» What to produce
Reproduce verbatim the line where "scenic coastal view" occurs, along with all following lines down to the last line of the data.

---

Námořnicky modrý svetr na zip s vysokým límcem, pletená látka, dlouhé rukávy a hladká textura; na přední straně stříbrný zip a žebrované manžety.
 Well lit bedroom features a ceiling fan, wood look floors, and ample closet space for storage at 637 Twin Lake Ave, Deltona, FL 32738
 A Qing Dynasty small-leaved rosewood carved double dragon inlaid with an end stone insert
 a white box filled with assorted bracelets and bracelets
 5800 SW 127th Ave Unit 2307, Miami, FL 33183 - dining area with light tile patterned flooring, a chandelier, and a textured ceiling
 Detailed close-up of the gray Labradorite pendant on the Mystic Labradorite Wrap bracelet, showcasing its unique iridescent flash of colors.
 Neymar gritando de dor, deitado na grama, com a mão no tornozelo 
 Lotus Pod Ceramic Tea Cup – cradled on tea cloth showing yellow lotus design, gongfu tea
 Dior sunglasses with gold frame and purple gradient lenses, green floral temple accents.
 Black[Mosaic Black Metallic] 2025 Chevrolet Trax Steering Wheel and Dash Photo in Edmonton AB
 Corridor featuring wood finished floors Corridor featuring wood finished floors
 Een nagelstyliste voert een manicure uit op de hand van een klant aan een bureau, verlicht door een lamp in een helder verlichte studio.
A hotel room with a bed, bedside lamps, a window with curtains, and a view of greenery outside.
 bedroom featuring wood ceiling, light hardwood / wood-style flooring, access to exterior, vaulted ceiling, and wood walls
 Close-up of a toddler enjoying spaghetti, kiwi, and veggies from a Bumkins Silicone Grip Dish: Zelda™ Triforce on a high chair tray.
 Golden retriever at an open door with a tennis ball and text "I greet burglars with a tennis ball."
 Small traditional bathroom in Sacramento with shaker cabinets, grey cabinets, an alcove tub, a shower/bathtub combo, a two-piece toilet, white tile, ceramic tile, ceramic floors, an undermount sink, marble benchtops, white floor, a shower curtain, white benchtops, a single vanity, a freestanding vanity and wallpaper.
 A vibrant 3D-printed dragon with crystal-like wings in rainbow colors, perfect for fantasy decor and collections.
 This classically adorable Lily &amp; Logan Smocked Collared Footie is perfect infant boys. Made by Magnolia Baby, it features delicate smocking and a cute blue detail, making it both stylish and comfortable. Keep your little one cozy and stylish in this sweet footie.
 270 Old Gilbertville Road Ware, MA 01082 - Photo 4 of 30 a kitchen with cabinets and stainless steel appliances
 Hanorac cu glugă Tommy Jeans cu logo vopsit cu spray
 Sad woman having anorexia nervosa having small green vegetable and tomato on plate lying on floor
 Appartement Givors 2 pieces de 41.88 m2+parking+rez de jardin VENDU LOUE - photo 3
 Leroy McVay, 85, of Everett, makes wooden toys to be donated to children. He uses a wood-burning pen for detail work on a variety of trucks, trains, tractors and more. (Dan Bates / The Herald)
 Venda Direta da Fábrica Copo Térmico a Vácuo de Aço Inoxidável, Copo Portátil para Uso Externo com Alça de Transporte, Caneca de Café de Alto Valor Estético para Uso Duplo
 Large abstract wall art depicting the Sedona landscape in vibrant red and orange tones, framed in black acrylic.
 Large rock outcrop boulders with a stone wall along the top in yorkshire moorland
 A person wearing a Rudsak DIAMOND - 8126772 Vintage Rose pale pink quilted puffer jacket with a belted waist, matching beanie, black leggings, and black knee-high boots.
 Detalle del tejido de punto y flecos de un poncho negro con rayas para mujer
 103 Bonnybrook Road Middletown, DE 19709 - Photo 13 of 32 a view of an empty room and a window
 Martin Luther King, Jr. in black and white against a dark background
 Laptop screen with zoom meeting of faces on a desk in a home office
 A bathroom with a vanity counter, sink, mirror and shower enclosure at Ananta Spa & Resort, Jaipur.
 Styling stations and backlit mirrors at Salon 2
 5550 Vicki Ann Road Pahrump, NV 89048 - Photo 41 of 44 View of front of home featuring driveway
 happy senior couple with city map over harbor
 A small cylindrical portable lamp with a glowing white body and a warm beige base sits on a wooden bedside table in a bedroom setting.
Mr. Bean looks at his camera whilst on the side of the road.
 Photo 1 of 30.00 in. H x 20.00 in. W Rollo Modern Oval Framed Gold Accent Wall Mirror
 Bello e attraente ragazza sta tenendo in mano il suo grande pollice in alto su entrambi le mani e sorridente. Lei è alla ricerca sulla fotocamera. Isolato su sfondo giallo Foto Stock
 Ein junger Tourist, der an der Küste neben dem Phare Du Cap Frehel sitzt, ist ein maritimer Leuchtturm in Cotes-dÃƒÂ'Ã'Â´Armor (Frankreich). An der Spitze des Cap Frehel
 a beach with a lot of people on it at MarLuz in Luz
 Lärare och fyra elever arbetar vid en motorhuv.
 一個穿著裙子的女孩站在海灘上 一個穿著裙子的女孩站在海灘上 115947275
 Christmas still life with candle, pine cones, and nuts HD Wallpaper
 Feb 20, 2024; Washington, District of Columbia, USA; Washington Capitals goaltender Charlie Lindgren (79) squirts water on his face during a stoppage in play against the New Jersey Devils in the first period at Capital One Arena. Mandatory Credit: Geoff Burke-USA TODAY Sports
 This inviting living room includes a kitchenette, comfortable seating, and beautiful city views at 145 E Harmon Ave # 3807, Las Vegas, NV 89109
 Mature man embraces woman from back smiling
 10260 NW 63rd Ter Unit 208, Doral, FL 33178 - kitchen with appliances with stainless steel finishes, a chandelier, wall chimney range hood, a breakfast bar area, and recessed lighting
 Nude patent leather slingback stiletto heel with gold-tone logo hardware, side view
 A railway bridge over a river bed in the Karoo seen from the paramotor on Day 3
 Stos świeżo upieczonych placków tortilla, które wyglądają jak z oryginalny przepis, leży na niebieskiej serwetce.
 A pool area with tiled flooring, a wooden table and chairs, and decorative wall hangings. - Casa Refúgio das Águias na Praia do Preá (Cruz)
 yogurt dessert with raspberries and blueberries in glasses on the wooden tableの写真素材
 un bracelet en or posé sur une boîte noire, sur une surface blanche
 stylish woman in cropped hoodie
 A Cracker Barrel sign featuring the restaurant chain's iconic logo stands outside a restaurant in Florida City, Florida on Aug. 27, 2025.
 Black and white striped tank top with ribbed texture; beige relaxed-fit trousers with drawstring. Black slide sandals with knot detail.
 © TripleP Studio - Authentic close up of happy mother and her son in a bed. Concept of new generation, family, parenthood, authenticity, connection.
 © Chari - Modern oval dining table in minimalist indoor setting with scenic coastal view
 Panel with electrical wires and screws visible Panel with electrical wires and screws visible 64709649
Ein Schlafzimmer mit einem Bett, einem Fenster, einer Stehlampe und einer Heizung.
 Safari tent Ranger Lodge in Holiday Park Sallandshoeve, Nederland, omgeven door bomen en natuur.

---

» Solution to this task
 © Chari - Modern oval dining table in minimalist indoor setting with scenic coastal view
 Panel with electrical wires and screws visible Panel with electrical wires and screws visible 64709649
Ein Schlafzimmer mit einem Bett, einem Fenster, einer Stehlampe und einer Heizung.
 Safari tent Ranger Lodge in Holiday Park Sallandshoeve, Nederland, omgeven door bomen en natuur.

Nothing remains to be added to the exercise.